Palästinenserpräsident Mahmud Abbas spricht bei einem Treffen der Palästinenserführung in seinem Hauptquartier. Abbas hat ein Ende aller Vereinbarungen mit Israel und den USA erklärt. Foto: dpa/Alaa Badarneh

Mit der Ankündigung Israels zur Annexion von Teilen des Westjordanlandes scheint ein eigener Staat für die Palästinenser in noch weitere Ferne zu rücken. Ihr Präsident Abbas sieht seine Leute daher auch nicht mehr dazu verpflichtet, sich an Abkommen zu halten.

Ramallah - Die Palästinenser sehen sich nach Israels Ankündigung, weite Teile des Westjordanlandes zu annektieren, nicht mehr an bestehende Abkommen mit Israel oder den USA gebunden. „Die Palästinensische Befreiungsorganisation und der Staat Palästina sind den unterzeichneten Abkommen und Vereinbarungen mit der israelischen Regierung und der amerikanischen Regierung nicht länger verpflichtet, inklusive der Sicherheitsvereinbarungen“, erklärte Palästinenserpräsident Mahmud Abbas am Dienstagabend. Israel müsse jetzt „vor der internationalen Gemeinschaft Verantwortung als besetzende Macht übernehmen“.

Die Oslo-Vereinbarungen und andere in den 1990er Jahren entstandene Abkommen hatten die palästinensische Autonomiebehörde geschaffen und regelten ihre politische, wirtschaftliche und sicherheitsrelevante Beziehung zu Israel. Der israelische Ministerpräsident Benjamin Netanjahu hat versprochen, das Jordantal und jüdische Siedlungen im Westjordanland zu annektieren, und beruft sich dabei auf den Nahostplan von US-Präsident Donald Trump, der für Israel vorteilhaft ist und von den Palästinensern abgelehnt wird.

Israel und die USA reagierten zunächst nicht

Abbas kündigte ebenfalls an, die Palästinenser würden ihre Bemühungen verstärken, internationalen Organisationen als Mitgliedstaat beizutreten. Israel und die USA reagierten zunächst nicht auf seine Ankündigungen.

Netanjahu hat mit seinem Rivalen Benny Gantz diesen Monat eine neue Regierung gebildet. Das Koalitionsabkommen erlaubt Netanjahu, einen Vorschlag zur Annexion am 1. Juli vorzulegen.

Israel nahm das Westjordanland und Ostjerusalem sowie den Gazastreifen 1967 im Krieg ein. Die Palästinenser fordern alle drei Territorien für ihren künftigen Staat. Trumps Plan gesteht ihnen vereinzelte Ansammlungen von Enklaven, umringt von Israel, zu.

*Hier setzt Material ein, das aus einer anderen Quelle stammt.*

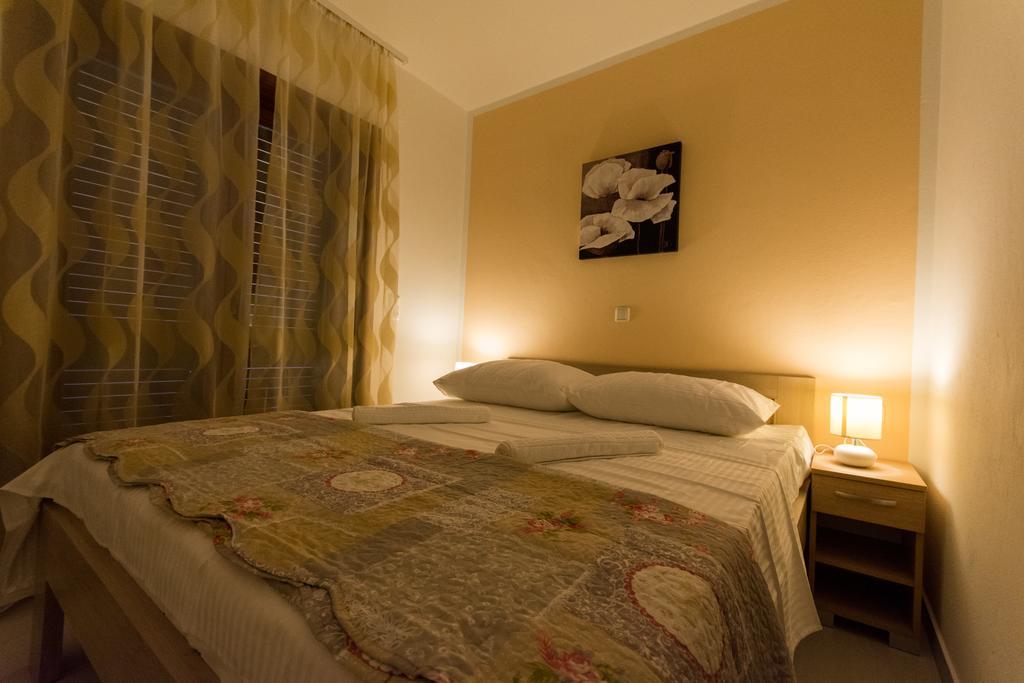 Apartments Bisera Трогир Экстерьер фото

Die internationale Gemeinschaft ist überwiegend gegen die Annektierung. Viele fürchten, dass die Bildung eines palästinensischen Staates dadurch unmöglich wird. Die Zwei-Staaten-Lösung wird allgemein als einziger Ausweg aus dem jahrzehntealten Konflikt gesehen.

Die Sicherheitsvereinbarungen dienen den Interessen sowohl Abbas’ als auch Israels. Sie beziehen sich überwiegend auf die islamistisch-militante Hamas. Israelische Truppen sind im Westjordanland stationiert und führen regelmäßig Razzien in palästinensischen Städten und Gemeinden durch, die sie normalerweise mit palästinensischen Sicherheitskräften koordinieren, um Zusammenstöße zu vermeiden. Auch die Palästinenser koordinieren ihre Aktionen mit Israel.

Abbas hat Gewalt immer abgelehnt

Abbas hat Gewalt immer abgelehnt. Es wird davon ausgegangen, dass er gegen bewaffnete Gruppen vorgehen würde, selbst wenn dies nicht mit Israel abgestimmt würde.

Die Palästinensische Autonomiebehörde regiert und bietet grundlegende Dienstleistungen in dicht bevölkerten Teilen des Westjordanlandes. Ein Abbau von diesen würde das Risiko von Chaos bergen und Zehntausende Beamte arbeitslos machen. Doch indem Abbas vom „Staat Palästina“ sprach, schien er Raum dafür zu lassen, dass die Behörde in gleicher Form unter einem anderen Namen weiterbesteht.

Die Vereinbarungen mit Israel regeln unter anderem auch die Ausstellung von Reisepässen und anderer offizieller Dokumente. Israel sammelt auch Steuern und Zölle im Namen der palästinensischen Autonomiebehörde ein, die den Großteil von deren Einnahmen ausmachen.